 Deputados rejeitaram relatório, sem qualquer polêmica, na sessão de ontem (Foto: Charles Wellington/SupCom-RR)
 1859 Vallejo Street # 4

...

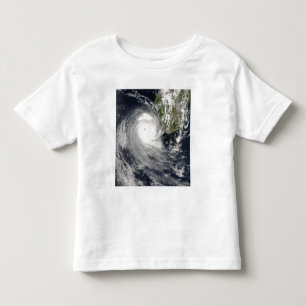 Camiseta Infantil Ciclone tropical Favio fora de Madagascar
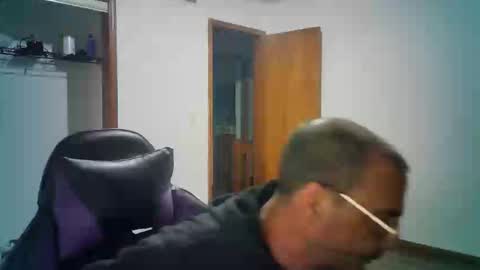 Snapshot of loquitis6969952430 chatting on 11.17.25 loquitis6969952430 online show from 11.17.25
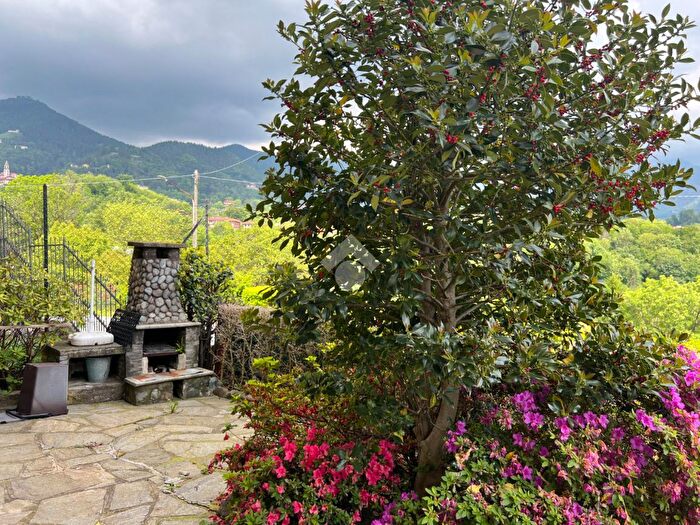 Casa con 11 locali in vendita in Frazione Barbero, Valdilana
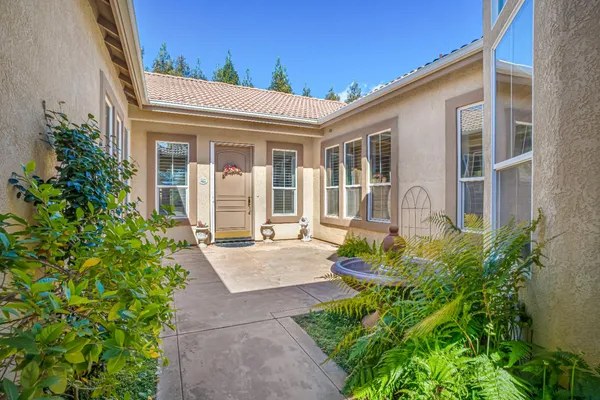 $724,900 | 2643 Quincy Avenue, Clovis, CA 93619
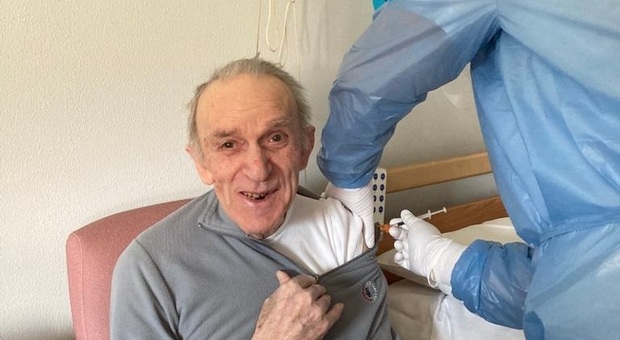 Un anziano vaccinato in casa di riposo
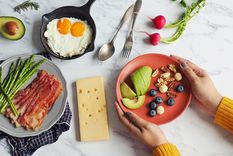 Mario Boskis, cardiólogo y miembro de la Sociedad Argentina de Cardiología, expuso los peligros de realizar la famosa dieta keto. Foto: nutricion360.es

# Exercise prompt
Retype the lines above exactly as they appear, from the line containing "Clovis, CA 93619" through the line containing "Mario Boskis, cardiólogo", and leave out any pictures.

# Finished task
 $724,900 | 2643 Quincy Avenue, Clovis, CA 93619
 Un anziano vaccinato in casa di riposo
 Mario Boskis, cardiólogo y miembro de la Sociedad Argentina de Cardiología, expuso los peligros de realizar la famosa dieta keto. Foto: nutricion360.es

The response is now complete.